I remember when I was a high school student and was fortunate enough to be recruited to play college basketball. It was such an exciting feeling as I started thinking more and more about my upcoming graduation. After I selected a college, the reality set in – I didn’t know anything about college. How is it different from high school? Was I prepared academically?
I thought about all my teachers, classes, and time spent at school and realized that college was never really talked about. It wasn’t part of the day-to-day jargon at my school. The only place I heard talk of college was in my home. I grew up a twin, so my parents made sure my brother and I considered college since tuition would be two-fold for them.
As I reflect on that experience, there are things that I learned and vowed to change if I was ever in the position to do so in education. Since being the principal at Dove Academy of Detroit, I have worked diligently to instill in the staff and students alike that all Dove students are college bound! It is important to me that we infuse college preparation daily at school, regardless of grade level.
Over the last several years, I have been asked questions by our parents and families regarding the topic of college. Here are some of the most frequently asked questions I receive, along with my response:
Question: “When should students start thinking about going to college?”
Answer: NOW! No matter what grade they are.
Question: “Why should our students think about going to college?”
Answer: They will have greater career and promotion opportunities. By becoming a college graduate, they will add greater value to society by contributing towards lower unemployment rates, lower crime rates, and greater tax revenues.
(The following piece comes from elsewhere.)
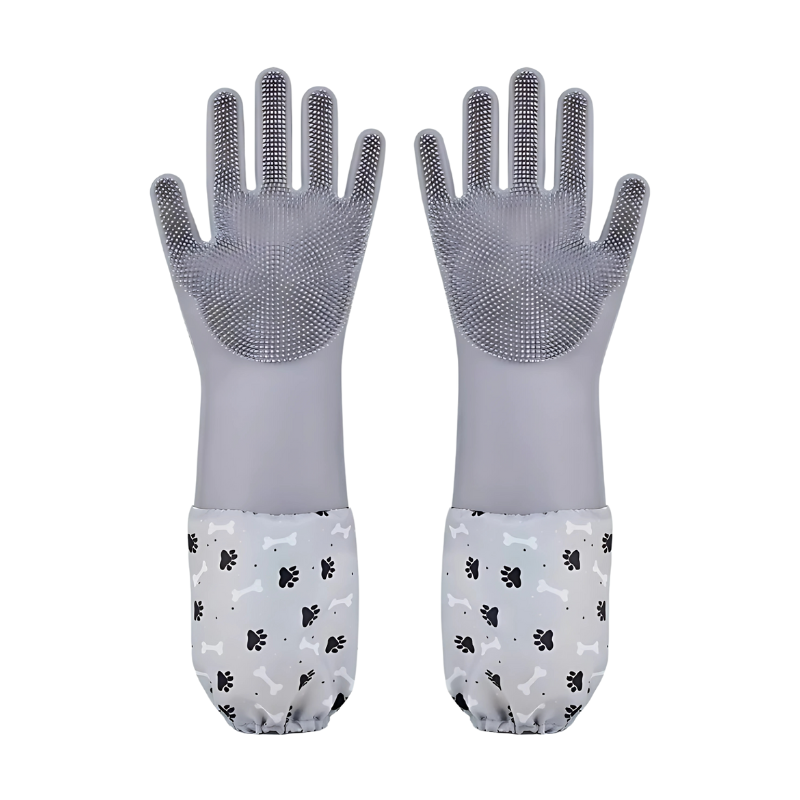 Pet Grooming Gloves - Deshedding Massage Mitts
They will have greater opportunities to pursue hobbies, personal interests, wealth, and stability!
Question: “What, exactly, is college readiness?”
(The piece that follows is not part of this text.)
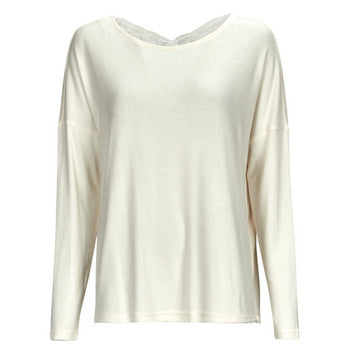 Maglione donne Only  ONLKLEO BACK DETAIL  Bianco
Answer: The idea that EVERY student deserves the opportunity to be educated in a way that prepares him or her for college – if they so choose to attend.
Question: “Who will prepare our students for college?”
Answer: The students themselves, our staff, parents and family members, our community, and their future middle school and high school.
Providing college readiness to our students daily is a commitment we make to them when they enroll in our school. Think about it for a second… Students can set their sights on a future that includes a college/university education. Students can learn about the culture of college and develop an interest in a specific university their classroom could focus on for the school year. Students will have such a great opportunity to be exposed to many colleges and universities throughout their primary and secondary education. The school community can be unified by a common goal of a college education. Parents will be proud of their child learning about college and, as a result, would be willing to support a college-bound program in our schools. All of this is powerful stuff!
As you become more intentional with bringing college jargon into your everyday school life, I would encourage teachers to teach about college culture in an effort to tap into our students’ interests on a daily basis. It is helpful to create a program for parents that will expose them to some of the same elements of college culture that their child is learning; Remember, lack of support sometimes is rooted in a lack of understanding. Consistently provide positive reinforcement for the teachers who are enthusiastic about their college/university and share with other staff what these teachers are accomplishing in the classroom, as it can be awesome and persuasive! Don’t forget to seek out support from local businesses, churches, and colleges and universities.
Bottom line, we can help make the opportunity for college a reality if we work together and think outside the box. Position your school to be whom a student thinks about when he or she reflects on their college exposure and college readiness! There are too many opportunities lost, so help be a school, teacher, leader, or parent who successfully contributed to a student’s academic future!